A proposta “inovadora”, segundo o governador, será encaminhada à Procuradoria do Estado para que sua viabilidade jurídica seja avaliada. No entanto, de acordo com assessores, não há, por ora, indicativos de que será implementada.
A crise na TV Cultura é antiga e tem se agravado no atual governo. Atualmente, metade do quadro de funcionários da fundação é financiada por recursos públicos, enquanto o restante é composto por Pessoas Jurídicas (PJs), ou seja, terceirizados, os quais têm seus salários pagos com recursos privados. Isso é possível em razão de ser a Fundação Padre Anchieta uma entidade pública de direito privado.
PIORA NAS CONDIÇÕES DE TRABALHO
Enquanto recebe repasses do governo estadual, a organização também usufrui da prerrogativa de obter receitas adicionais de outras fontes.
“Essa distorção [em relação aos salários e natureza dos contratos trabalhistas] já vem acontecendo há bastante tempo. Por outro lado, tem um problema grave que são os acordos coletivos que a gente tenta firmar com a Cultura e a direção da empresa barra, dizendo que tem que passar pelo Governo do Estado. Então, os trabalhadores estão, há 10 anos, com uma defasagem salarial muito grande”, aponta o sindicalista.
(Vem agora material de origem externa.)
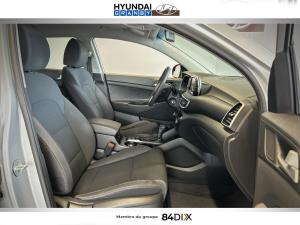 Thumbnail 18 Hyundai Tucson Essential 2019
“A gente conquistou nos últimos tempos alguns reajustes, mas reajustes pontuais. Hoje você tem uma defasagem de quase 50% sobre os salários de jornalistas e um índice, até maior [nos] dos radialistas”, revela. “Isso porque o reajuste depende do governo estadual”, explica o dirigente sindical.
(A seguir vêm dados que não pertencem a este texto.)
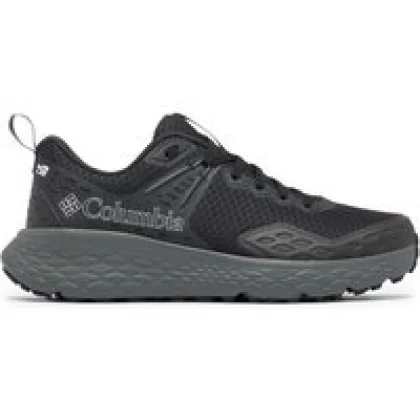 Columbia Trekking čevlji Konos Trs Outdry 2099811 Siva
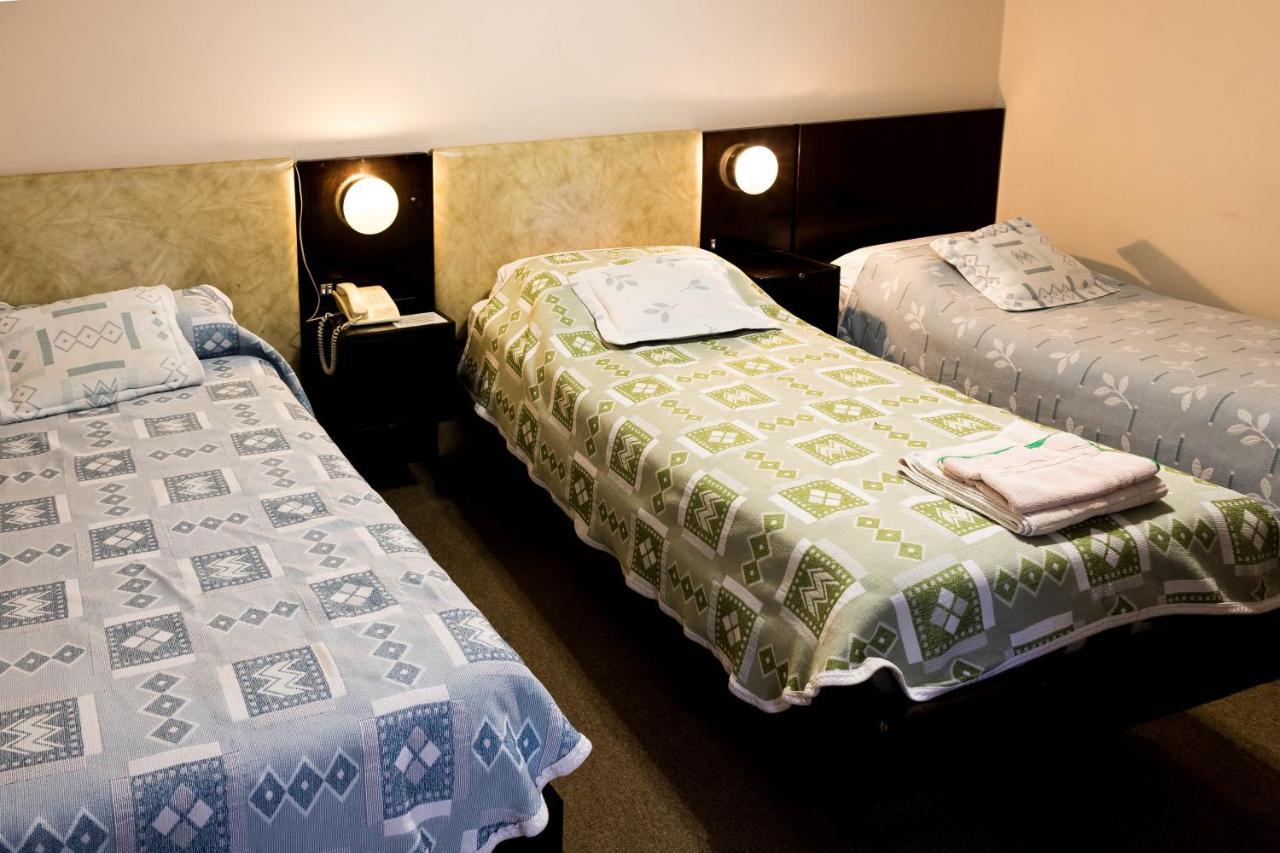 Sumay Hotel Сан-Сальвадор-де-Жужуй Экстерьер фото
“Com a eleição do Tarcísio, desde 2023, a gente vê que houve uma piora nessas condições, o que ficou mais grave nesse ano. Ele contingenciou os recursos – ele continua pagando a folha salarial, claro, mas os outros recursos, para pagar água, pagar luz, etc., – foram contingenciados”.
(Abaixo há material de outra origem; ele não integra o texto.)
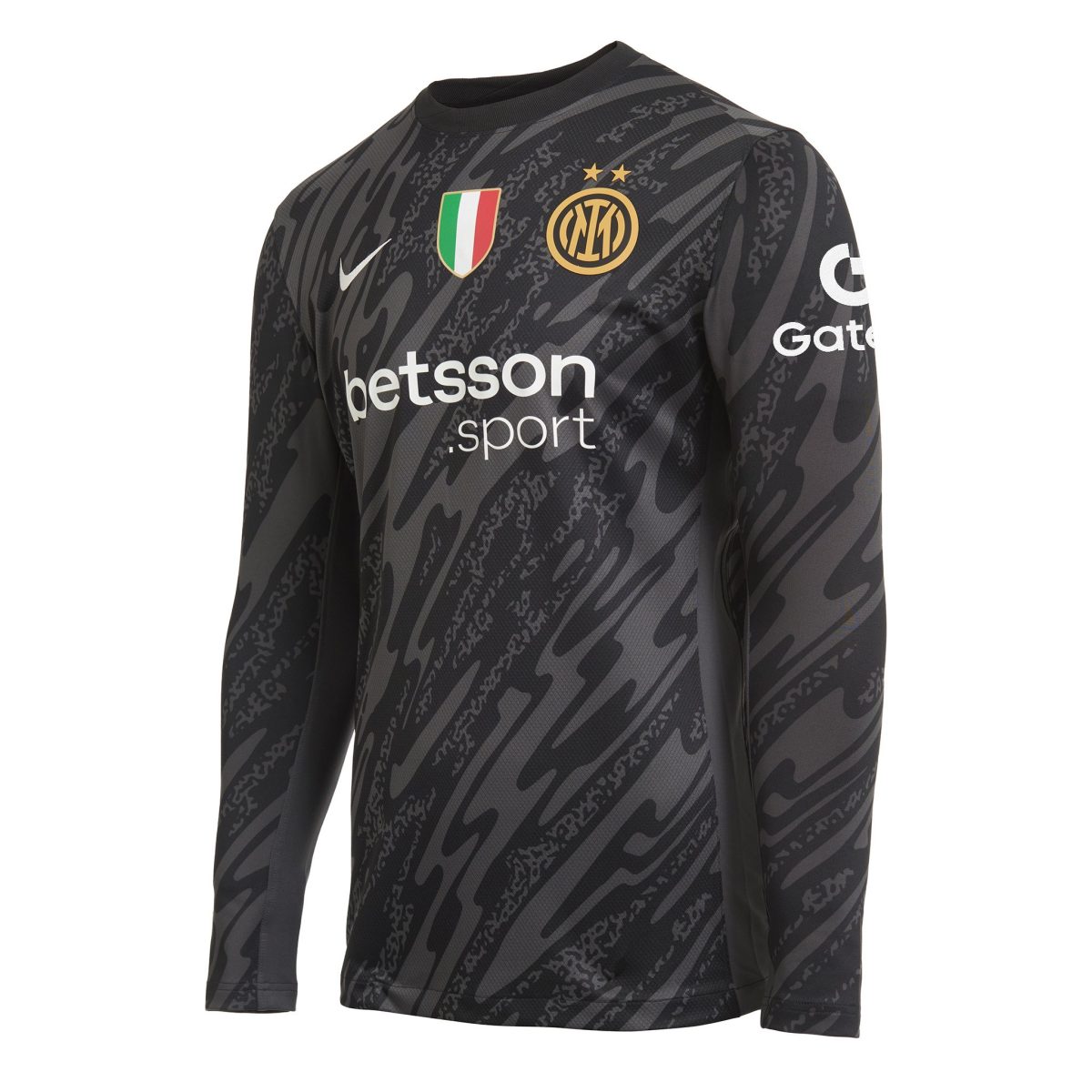im nike herren torwart-heimtrikot 202425 – 13 josep martínez Kollektion | Inter Fußballtrikots in Deutschland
Com a retenção de R$ 13 milhões, em setembro, a TV Cultura teve que demitir mais de 100 profissionais, boa parte deles PJs, repercutindo na grade de programação, com o fim o fim de alguns programas que vinham sendo exibidos.
“A gente fez uma mobilização importante que de alguma maneira pressionou o governo, que afirmou que iria destravar parte desses recursos. Então, de setembro para cá houve algum aporte desses recursos que foram contingenciados, mas agora, com essa fala do Tarcísio, fica clara a intenção de privatizar a TV Cultura”, avalia Thiago Tanji.
No encontro que tratou de aportes e a ideia de veiculação de publicidade pela emissora, Marton destacou a importância de equilibrar as necessidades de receita com a manutenção do caráter público da TV Cultura, indicando que é necessário “não chegar ao extremo de ter comerciais como a TV comum e também não achar que esse recurso não é importante em um momento em que a gente fala sobre eficiência”.